### WHAT NEEDS TO BE DONE
Please give back the listing below word for word, without the images.

### PROVIDED MATERIAL
========================

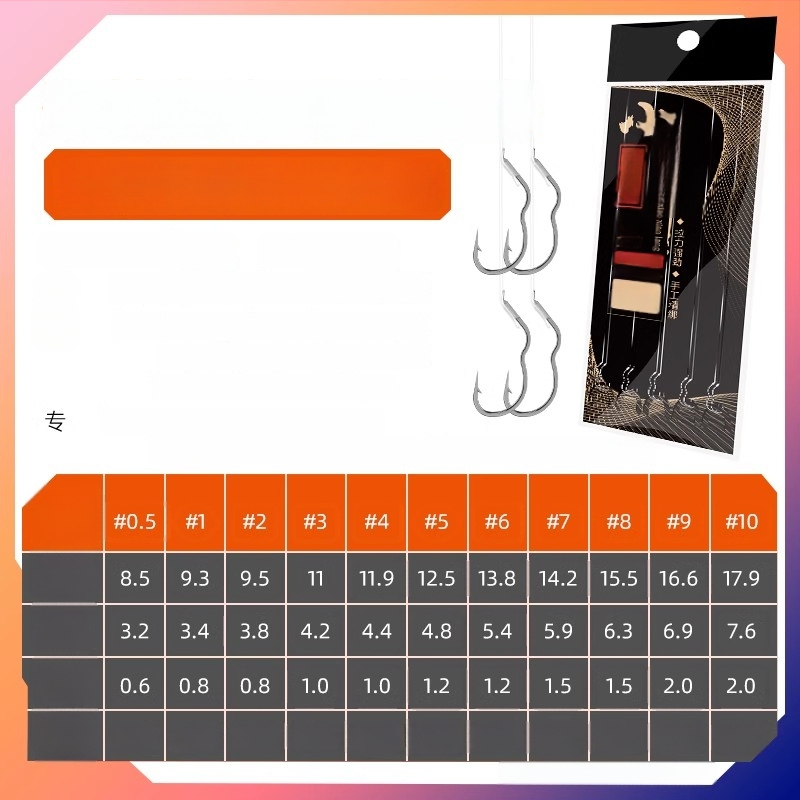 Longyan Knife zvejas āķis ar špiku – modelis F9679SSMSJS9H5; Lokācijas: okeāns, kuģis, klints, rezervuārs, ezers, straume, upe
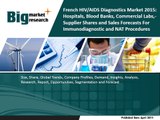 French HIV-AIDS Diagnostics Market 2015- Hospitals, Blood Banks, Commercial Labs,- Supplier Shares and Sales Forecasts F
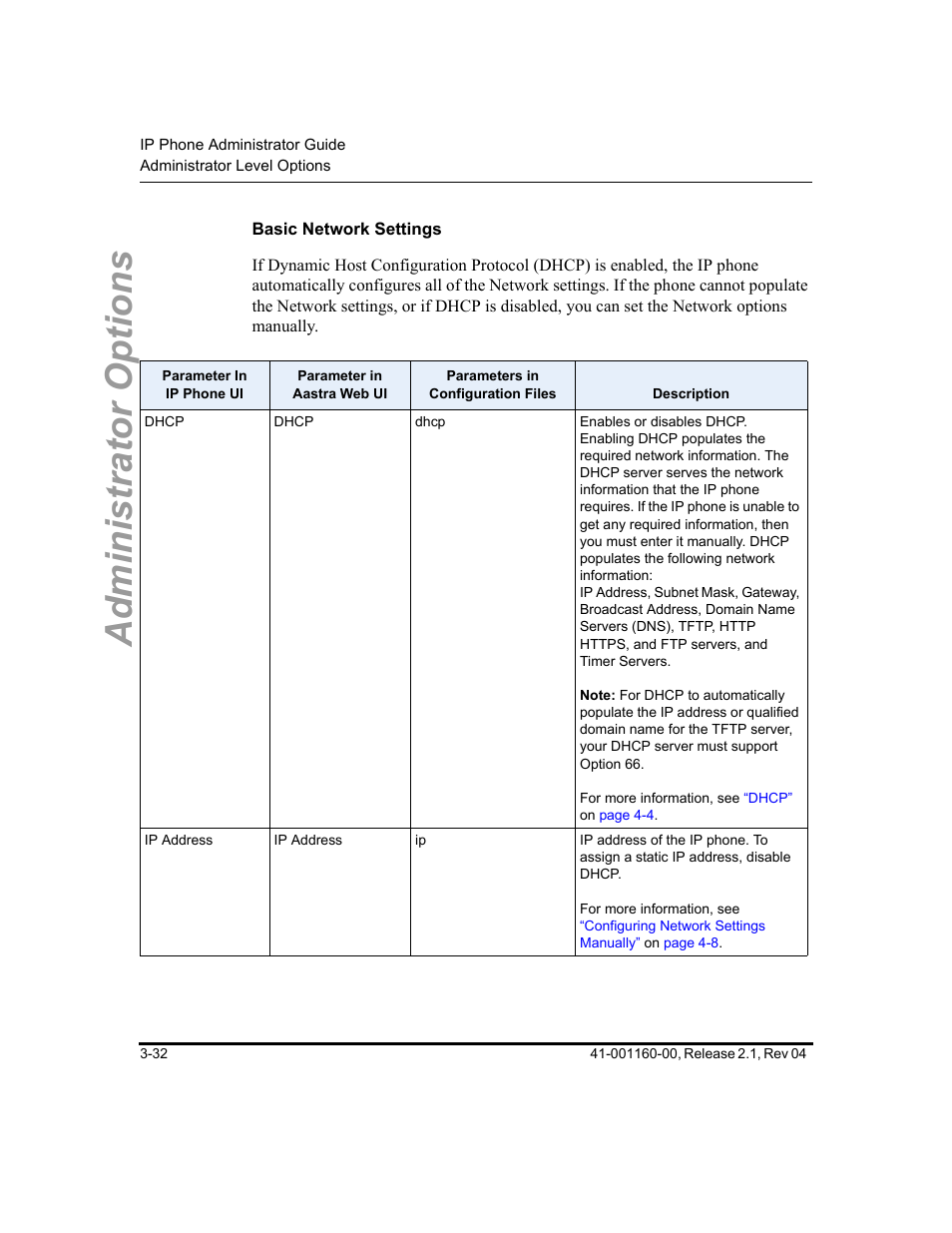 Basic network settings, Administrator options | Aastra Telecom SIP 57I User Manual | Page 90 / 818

========================

### ANSWER TO THIS PROBLEM
 Longyan Knife zvejas āķis ar špiku – modelis F9679SSMSJS9H5; Lokācijas: okeāns, kuģis, klints, rezervuārs, ezers, straume, upe
 French HIV-AIDS Diagnostics Market 2015- Hospitals, Blood Banks, Commercial Labs,- Supplier Shares and Sales Forecasts F
 Basic network settings, Administrator options | Aastra Telecom SIP 57I User Manual | Page 90 / 818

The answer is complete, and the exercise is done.